EXERCISE = Only the pictures are to be dropped; the rest of the data below is to be duplicated exactly.
--- DATA Enclosed Below ---
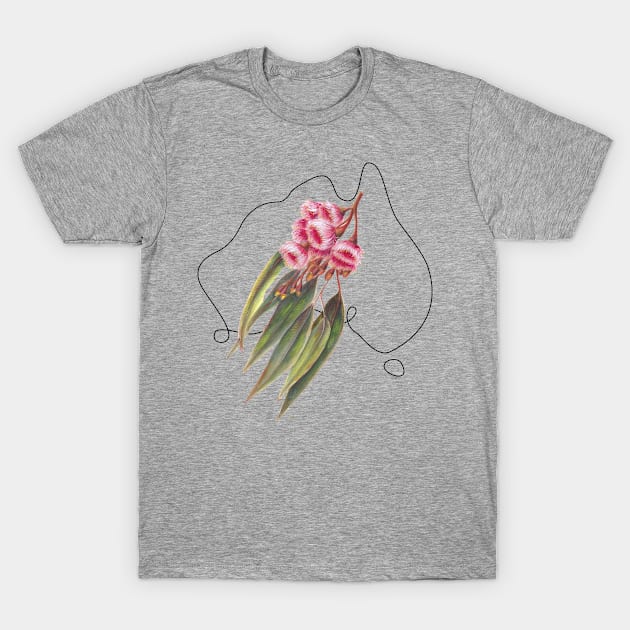 Flowers of Australia - Pink Flowering Gum T-Shirt by VioletGrant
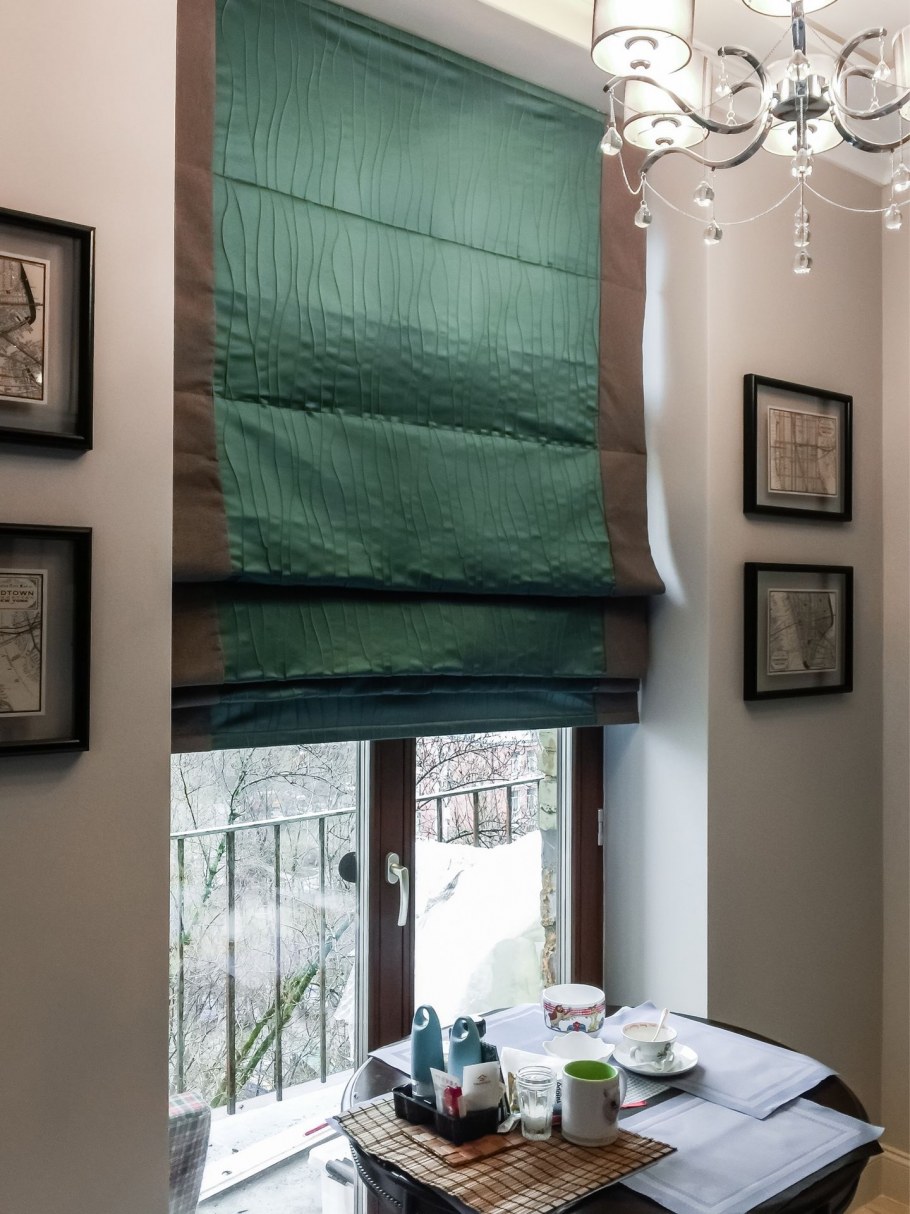 Римская штора в проем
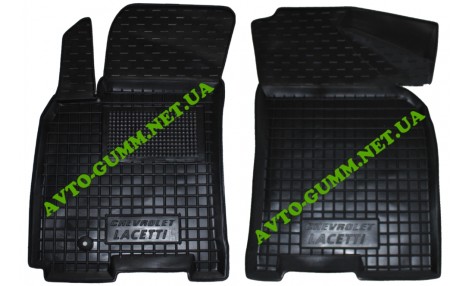 Коврики в салон, водительский + пассажир для Lacetti 2004 полиуретан (AVTO-Gumm)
--- End of Enclosed DATA ---
RESPONSE TO THE TASK =
 Flowers of Australia - Pink Flowering Gum T-Shirt by VioletGrant
 Римская штора в проем
 Коврики в салон, водительский + пассажир для Lacetti 2004 полиуретан (AVTO-Gumm)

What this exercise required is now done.